Sudanese tribal relations turn bitter under pressures of war
| Khartoum, Sudan
Law and order broke down almost completely in the southern Sudanese town of Wau last year. Children were slaughtered, as were dozens - if not hundreds - of adult civilians. Because Wau has been largely cut off by the war, the details of the tribal violence are only now becoming clear and public.
Three recently released reports - one by Amnesty International, a worldwide human rights group; one by the United States State Department; and an independent report compiled in Sudan - detail the events. And recent Monitor interviews with members of the tribes involved and with Western sources who were in Wau at the time, tend to confirm the scope of violence revealed in these reports. The interviews also show the depth of resentment that has grown up between the two tribes.
In Sudan, a nation where civil war pits government troops against southern rebels, most of the violence in Wau took place between two southern tribes with no previous record of intertribal hostilities.
This fighting - unlike traditional friction between some tribes - represents a relation turned sour under the pressures of war. It may leave a bitter legacy. The south could be left with ``squabbling and feuding factions under the leadership of sectional and tribal war lords,'' says William Ajal Deng, former governor of Bahr el Ghazal region, which includes Wau.
The rebel Sudanese People's Liberation Army (SPLA) is composed primarily of members of the region's largest tribe, the Dinka. Some southern tribes, including the Fertit, resent and fear them. And they claim the SPLA has killed Fertit frequently, during raids for food.

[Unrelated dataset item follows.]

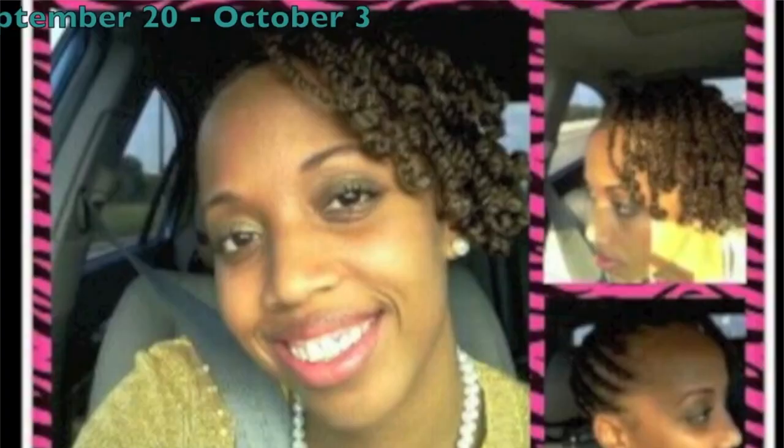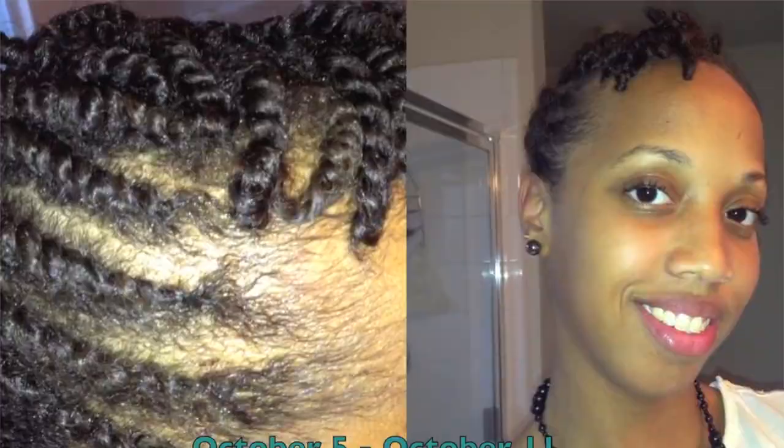Hey guys! I am about to take this style out of my head. I've had it in for about two weeks and I'm just ready for something else. I think I'm going to go ahead and do a different protective style where my hair is completely put away.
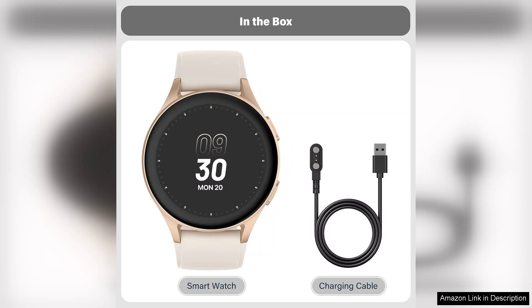In conclusion, this smartwatch offers a compelling blend of technology and health tracking tailored for women. With built-in Alexa, GPS, and a suite of health metrics, it's an excellent investment for anyone seeking to enhance their fitness journey while staying connected. Highly recommended.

The Fertit, mostly farmers by trade, live in small towns and villages, including Wau which is a main center for distribution of relief supplies. Many Dinka civilians have fled to government-held towns in the south, seeking food relief and safety from the war. In Wau, large numbers of Dinkas found themselves face to face with members of a tribe grown bitter toward them.
The reports say that when the tribes clashed, once in August and again in September, as many as 1,000 people may have been killed in the first incident and perhaps 2,000 in the second.
A government investigation into the events has not been completed. Sudan's minister of defense stated in an interview, that ``there was no massacre.'' A Sudanese official of the Fertit tribe who was in Wau also says that people were rounded up, but no massacre took place.
The three recent reports, however, use ``massacre, mass extrajudicial executions, and slaughter'' to describe the events.
The person who compiled and wrote the independent report, which is called ``Sudan's secret slaughter,'' is a Westerner with extensive experience in Sudan. He says that, in Wau ``the Army abdicated to the Fertit militia'' to a great extent.
The Fertit, like a number of southern tribes, have been given arms by the Sudanese government, enabling them to form militias. The government says this is done to protect them from rebel attacks. But the militias also are accused of raiding, killing, and kidnapping civilians, mostly Dinka, say Sudanese government, private, and Western sources in Sudan.
There are now, however, reports that the Army in Wau has taken steps to curb the militia, and violence appears to have waned. And there are hopes that the tribal wounds will heal. At the height of the killing last year, elders of the Dinka, Fertit, and another local tribe, the Jur, assembled to try to halt the violence.